### Problem statement
Transcribe the data in full and exactly, omitting any pictures.

### Data excerpt
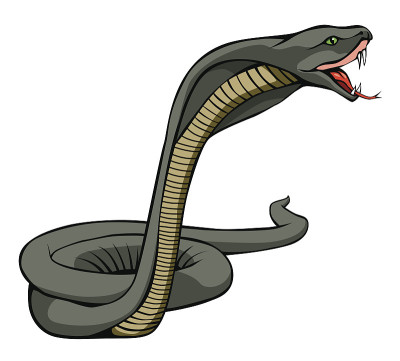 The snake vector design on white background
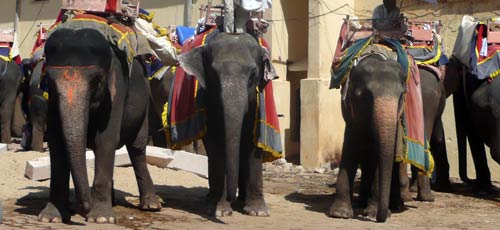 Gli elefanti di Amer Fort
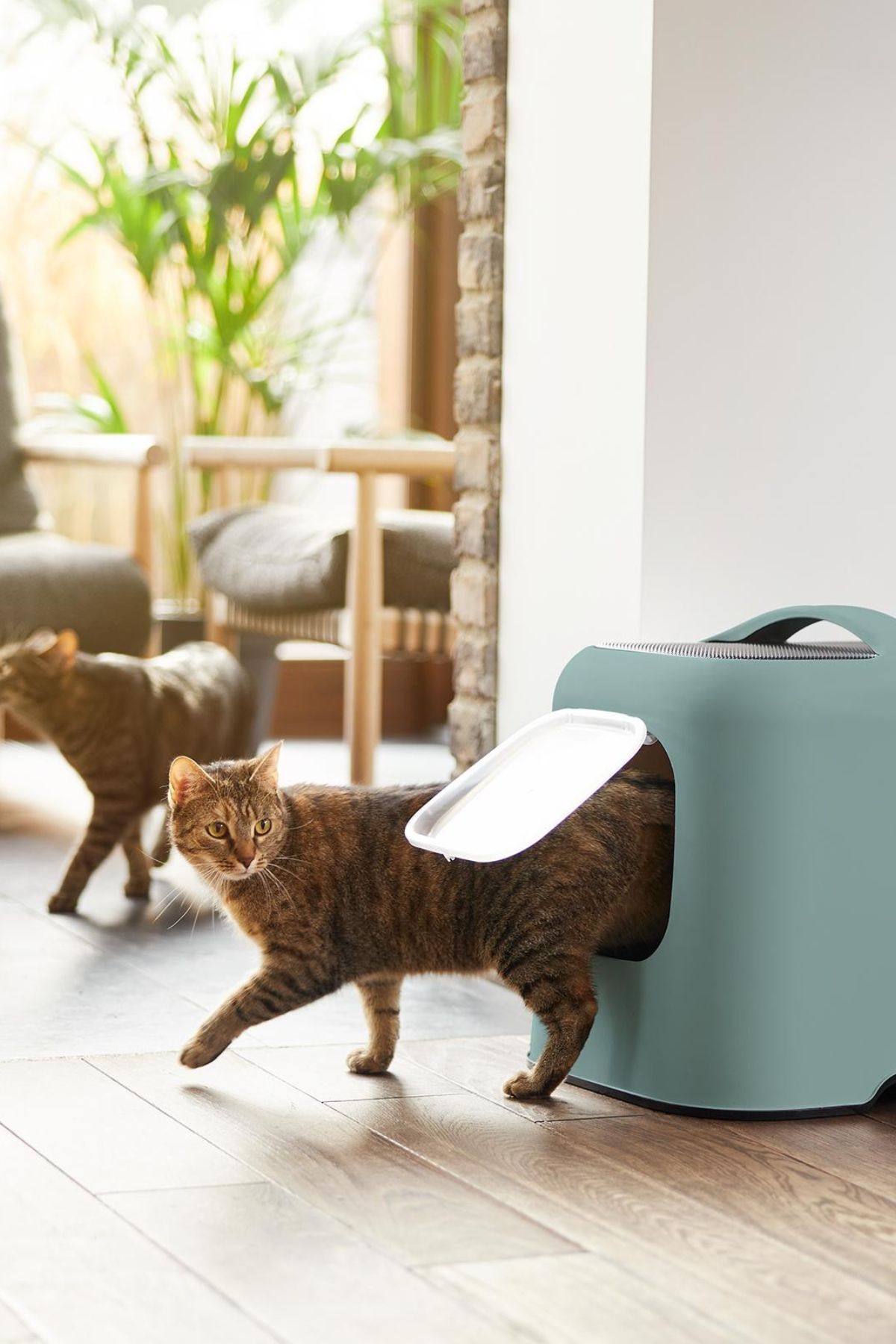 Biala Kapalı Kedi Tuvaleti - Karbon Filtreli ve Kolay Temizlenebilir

### Result of the exercise
 The snake vector design on white background
 Gli elefanti di Amer Fort
 Biala Kapalı Kedi Tuvaleti - Karbon Filtreli ve Kolay Temizlenebilir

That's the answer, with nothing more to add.